Pamplona ahí está, aún cruda, aturdida, azorada y temblorosa; pasaron por ella los “Sanfermines”, dementes, escritos, popularizados, dimensionados por Hemingway, absurdos y revolucionados. Ríos y fuentes de tinto se desbordaron hacia sus ramblas. No es manifestación que se explique con un inflexible razonamiento; es materia en movimiento de una fiesta tan religiosa como la finca de un monasterio y tan pagana como una orgía sodomita.
Si, es cuenta para la suma del anuario del 2011. Corrieron cascadas de gentes atrás y delante de los hierros clásicos –Miuras y torrestrellas incluidos-, y dieron la cara matadores que sostuvieron su cartel, triunfadores y desapercibidos. De los mexicanos solamente se anunció al jalisciense Arturo Saldívar quien ante un lote no apto para el corte de orejas, duro y astipuntal criado en los suelos de Los Alburejos, se plantó y se presentó como matador en Pamplona con una tesitura, por ahora, mediática.
Festividad taurómaca más atrayente para los extranjeros, y más conocida en el planeta no la hay. Por allá van, a hora temprana –no importa la carga de la noche recién cerrada-, se visten de blanco, se anudan un pañuelo al cuello, solo se registran y entran a las calles que marcan el trayecto, dominio del toro, y corren, huyen de un burel desmandado y de sus propios miedos y pecados secuestrados muy en el escondite del fondo de su alma. Toreros improvisados que a cuyo único triunfo que pueden aspirar es a platicar su experiencia, ya añosa, a sus hijos, y mejor a sus nietos.
Para cuando el “contingente” arriba al ruedo del coso, las gradas están renchidas. No cabe una sola aguja más en esos escaños de cemento recio, soportadores de masas humanas, materia, deseos, impulsos e instintos que únicamente tienen espacio de liberación en una fiesta como la del santo Fermín.
Entrados el encierro a los departamentos de toriles y los bellos cabestros a las corraletas, el edificio taurino se vacía; pero solo por unas cuantas horas. Ya en los estanquillos de los boletos no hay talón sano.
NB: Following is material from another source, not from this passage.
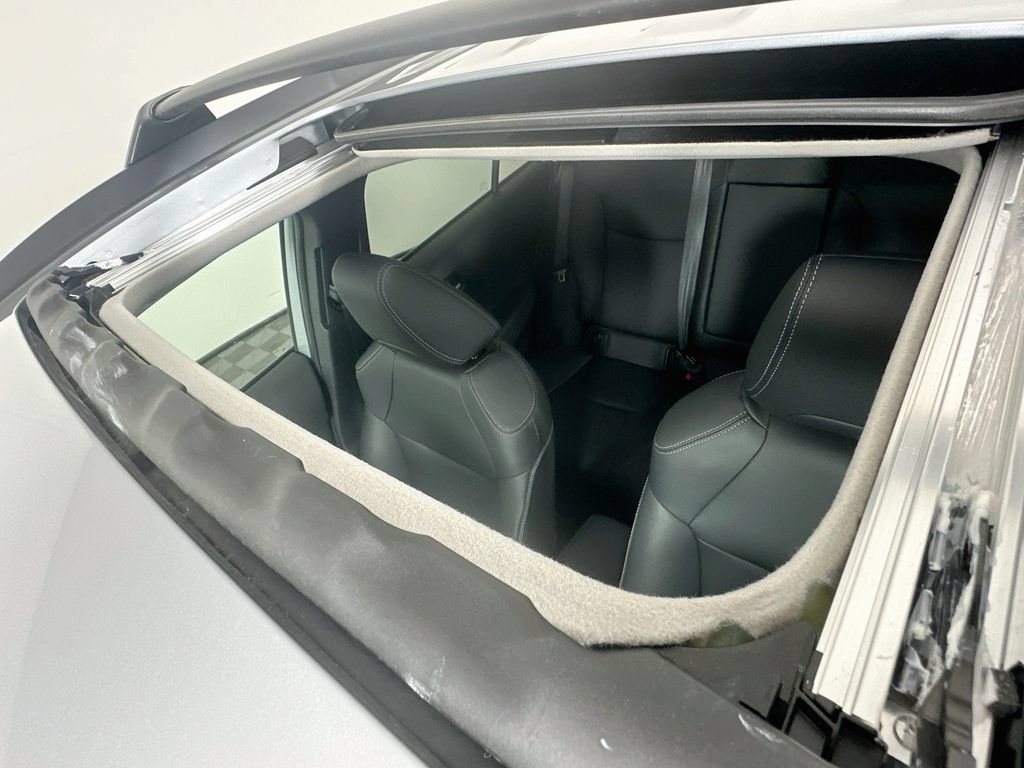 Certified 2026 Toyota Corolla Cross XLE w/ Convenience Package FWD image 22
Al sonar baquetas y aires anunciando el inicio del paseíllo, otra vez la plaza parece que va a tronar, a estallar su cuerpo arquitectónico de tan llena, lanzando en su descomunal expelición a todos cuantos están en su vientre. Es la corrida, rito que sigue su tradicional norma en medio de donde parece que no hay ni puede existir alguna.
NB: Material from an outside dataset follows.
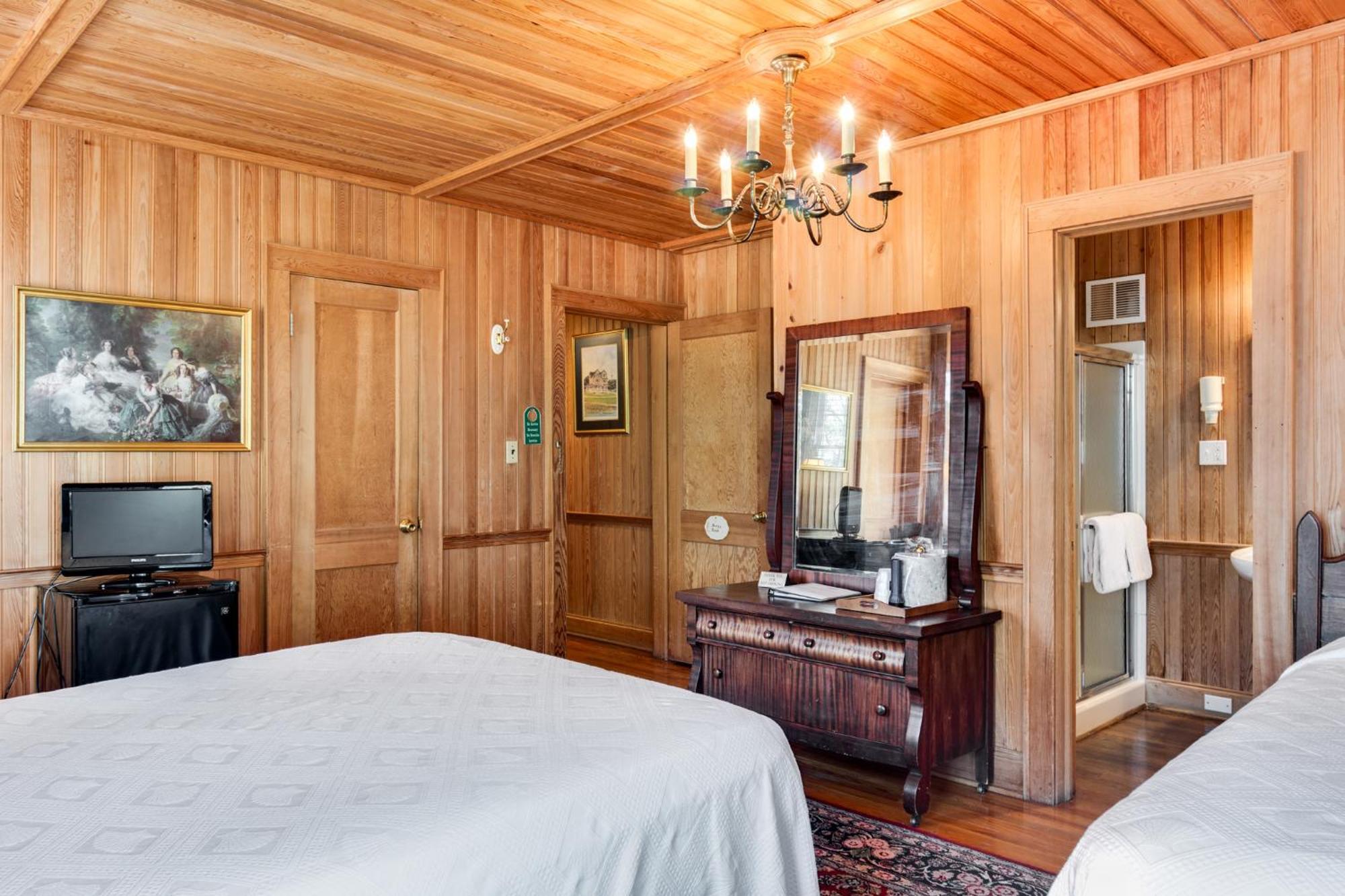 The Castle Bed And Breakfast 奥克拉科克 外观 照片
La muchedumbre borracha grita, aúlla, hace coros, canta desentonada “El Rey”, canción popular y vernácula mexicana hija del sensible y tormentoso de Dolores, igual emite coros españoles conocidos, propiedad del dominio público; también ingiere alimentos y le da continuidad a su interminable episodio de embriaguez. En algún momento de la función taurómaca, en grupos gigantescos van a los tazones, embudo recibidor y director de las inmundicias, a desahogar el cuerpo, descansarlo para luego poder continuar con la cena de negros, para volver a intentar hartarlo, maltratarlo en el juego incomprensible que es forzar sus funciones biológicas.
¿Qué cultura estrictamente taurina se antoja que este pueblo espontaneo, este reunido anual pueda tener? Es un público feriante. El divertimento general –aparentemente a costa de lo que sea, menos en la seriedad de la fiesta- tiene aposento central en la intención de todos. Es el objeto casi único de ir a esa localidad navarra. Ahí es tierra condonada de los sermones de quienes advierten que hay infierno, o de la moral que quiere imponer la comunidad religiosa; muy a pesar de que se “venera” a un santo católico.
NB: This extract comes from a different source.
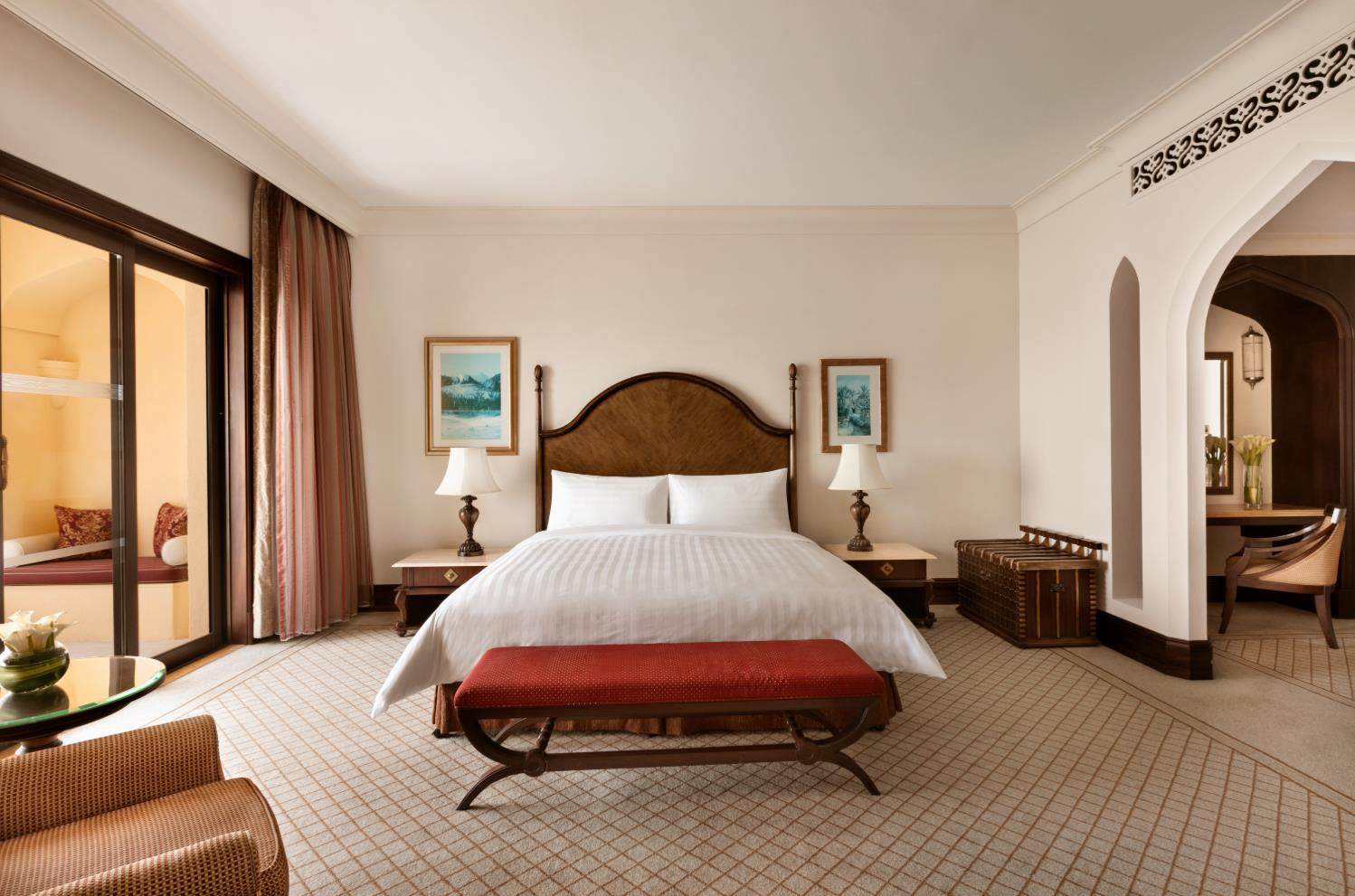 Shangri La Qaryat Al Beri Abu Dhabi 7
Pero… ¡milagro! Cuando en un indefinible momento se saludan y estrechan varios elementos –atmósfera, estado de ánimo, actitud y aptitud de los expectantes, toro y torero de probada legitimidad- todos se vuelcan al arcano hechizo del toreo; el pagano se aviene a los lineamientos, el descreído se convierte, el inconsciente regresa al estado de lucidez y el impertinente toma cordura. Se aplauden y premian entonces las virtudes mejor conocidas de los diestros; igualmente se rinde pleitesía al burel noble, encastado y de clase.
Hay algo atrás en todo esto: el toro pleno y una observación cabal del reglamento. El estándar de valorizaciones taurinas se respeta y la empresa no se justifica con su perfil de ser feria dedicada a feriantes para de modo cómodo y con escasa o nula ética contratar el toro apócrifo y descastado, como sí, lamentablemente, sucede en muchas partes de México.
Por ello es que Pamplona y su feria son también puntos rojos en el mapa de las ferias que otorgan o quitan, ascienden o descienden a los diestros en España.
Los valores taurinos en Pamplona son incorruptibles. Parecen tener la entereza y la pureza de una virgen en medio de un burdel.